Consider this Python session:

>>> -0j
(-0-0j)
>>> -0j.imag
-0.0
>>> -0j.real
-0.0
>>> (-0-0j).imag
0.0  # this is not -0.0
>>> (-0-0j).real
0.0  # this is also not -0.0
>>> eval("-0-0j")
0j # and so this is -0j
>>> atan2(-0.0, -1.0)
-3.141592653589793
>>> atan2((-0-0j).imag, -1.0)
3.141592653589793
>>> -1e500j
(-0-infj)
>>> (-0-infj)
Traceback (most recent call last):
  File "<stdin>", line 1, in <module>
NameError: name 'infj' is not defined

Addendum:

This question has generated something of a stir (e.g. there are a number of downvotes for this question and its accepted solution). And there have been a lot of edits to the question, so some of the comments might be out of date.

The main thrust of the criticism is that one shouldn't want to do this. Parsing data from text from some existing program is a thing that happens all the time, and sometimes you just can't control the program that generated the data.

A related problem where one can control the outputter program but one needs to have it appear in text, is to write a better repr() function that works better for floats and complex numbers and follows the principle described at the end.
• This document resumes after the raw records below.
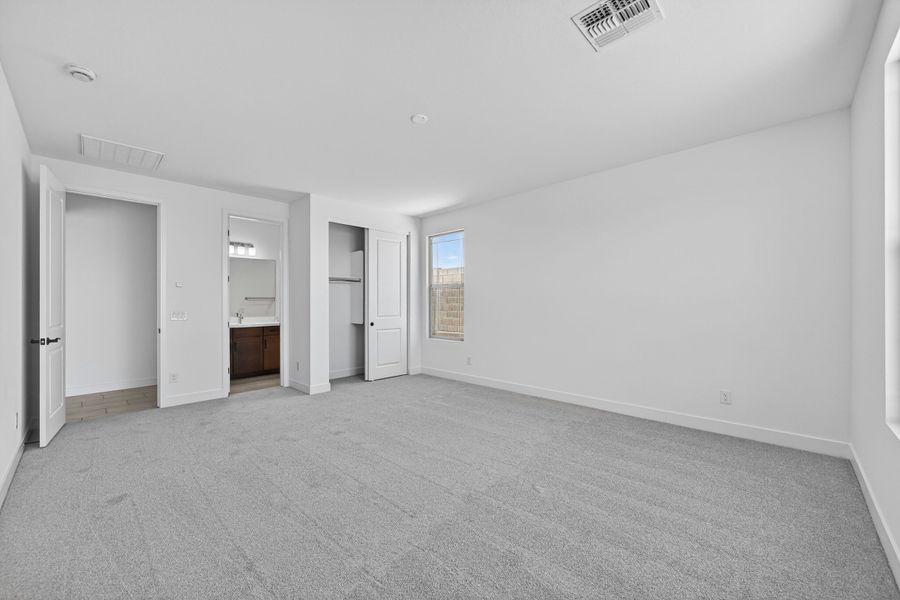 Spacious, unfurnished interior of a new home in Artisan at Asante, Surprise (Image 27).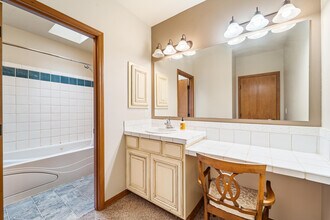 31727 76th Ave NW, Unit A in Stanwood, WA - Foto de edificio - Building Photo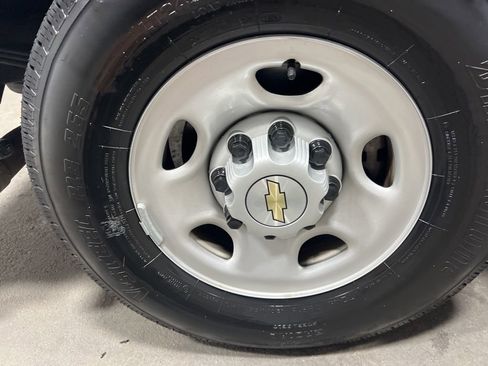 Used 2024 Chevrolet Express 2500 w/ Driver Convenience Package image 39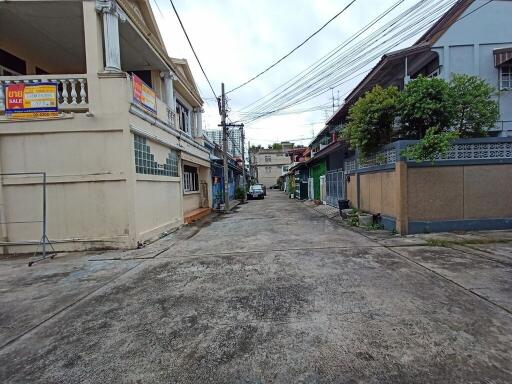 149 Sqm., 3 Beds, 2 Baths Townhouse listed for ฿ 4,935,000.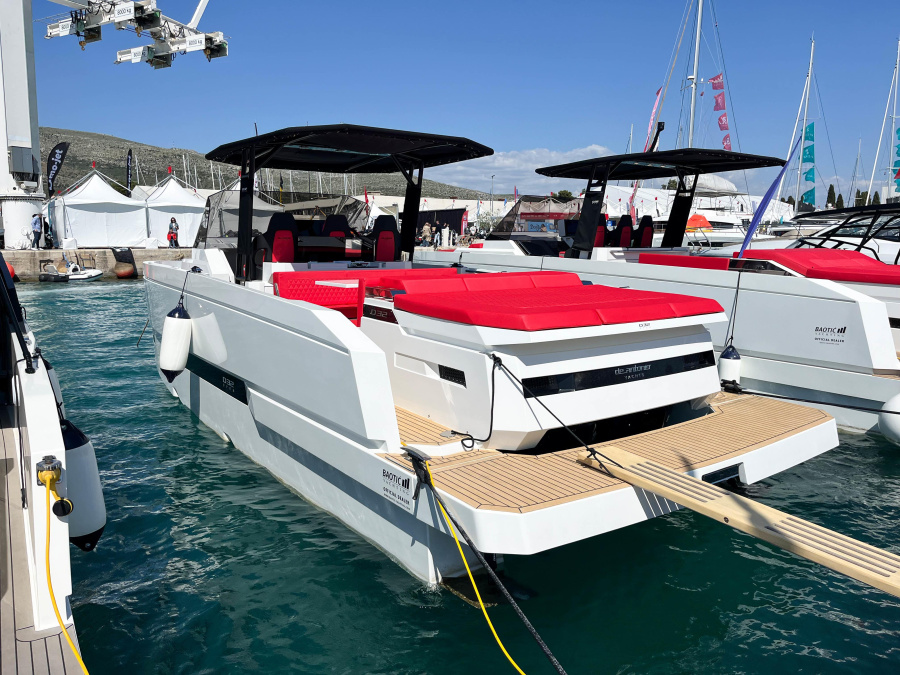 Photo #1 - De Antonio D32 (Katarina) en Marina Baotić - 23231
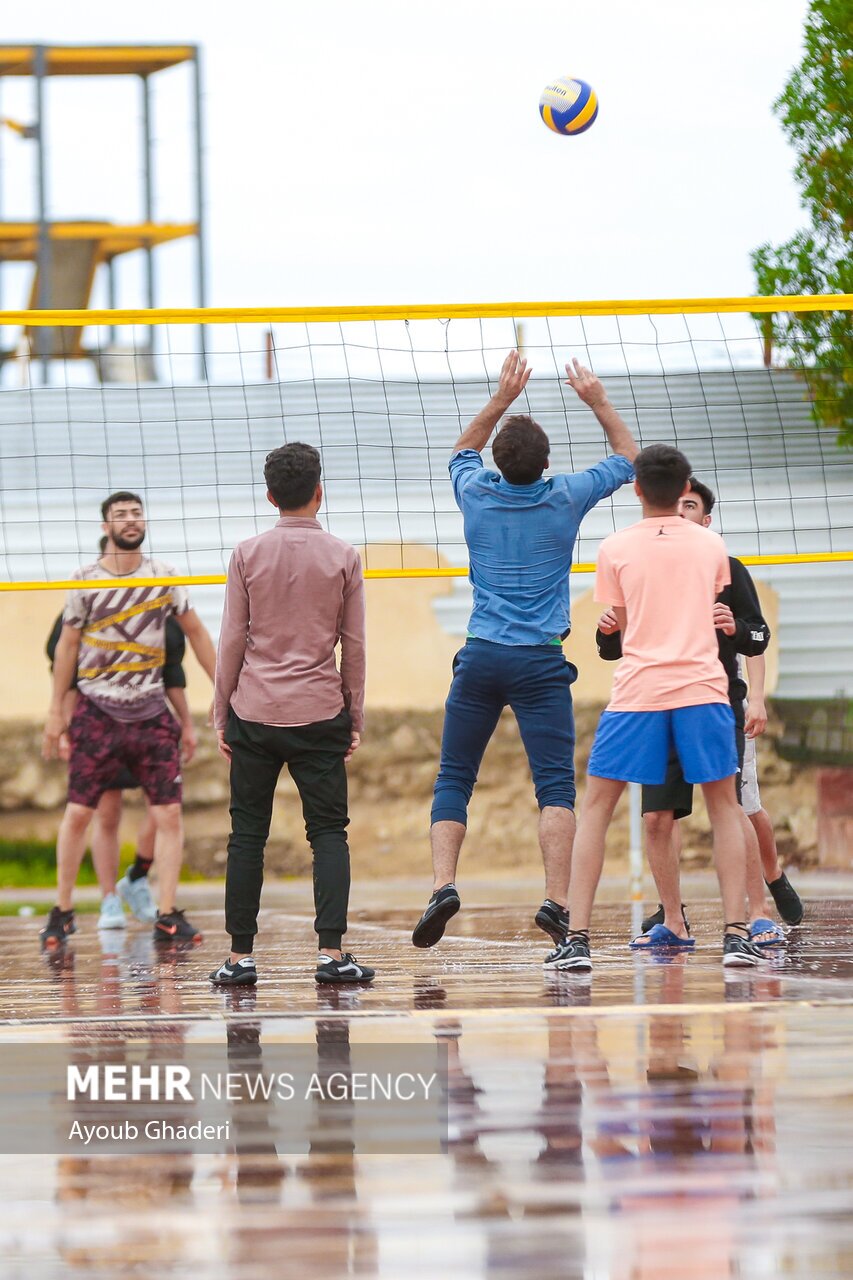 تصاویر: اولین باران زمستانی و طراوت بهاری کیش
It is straightforward to do that, even if it is a little ugly because to do it fully you also need to handle float/complex in composite types like lists, tuples, sets, and dictionaries.

Finally, I'll say that it appears that Python's str() or repr() output for complex values is unhelpful, which is why this problem is more specific to Python than other languages that support complex numbers as a primitive datatype or via a library.

Here is a session that shows this:

>>> complex(-0.0, -0.0)
(-0-0j)  # confusing and can lead to problems if eval'd
>>> repr(complex(-0.0, -0.0))
'(-0-0j)' # 'complex(-0.0, -0.0)' would be the simplest, clearest, and most useful

Note that str() gets called when doing output such as via print(). repr() is the preferred method for this kind of use but here it is the same as str() and both have problems with things like inf and nan.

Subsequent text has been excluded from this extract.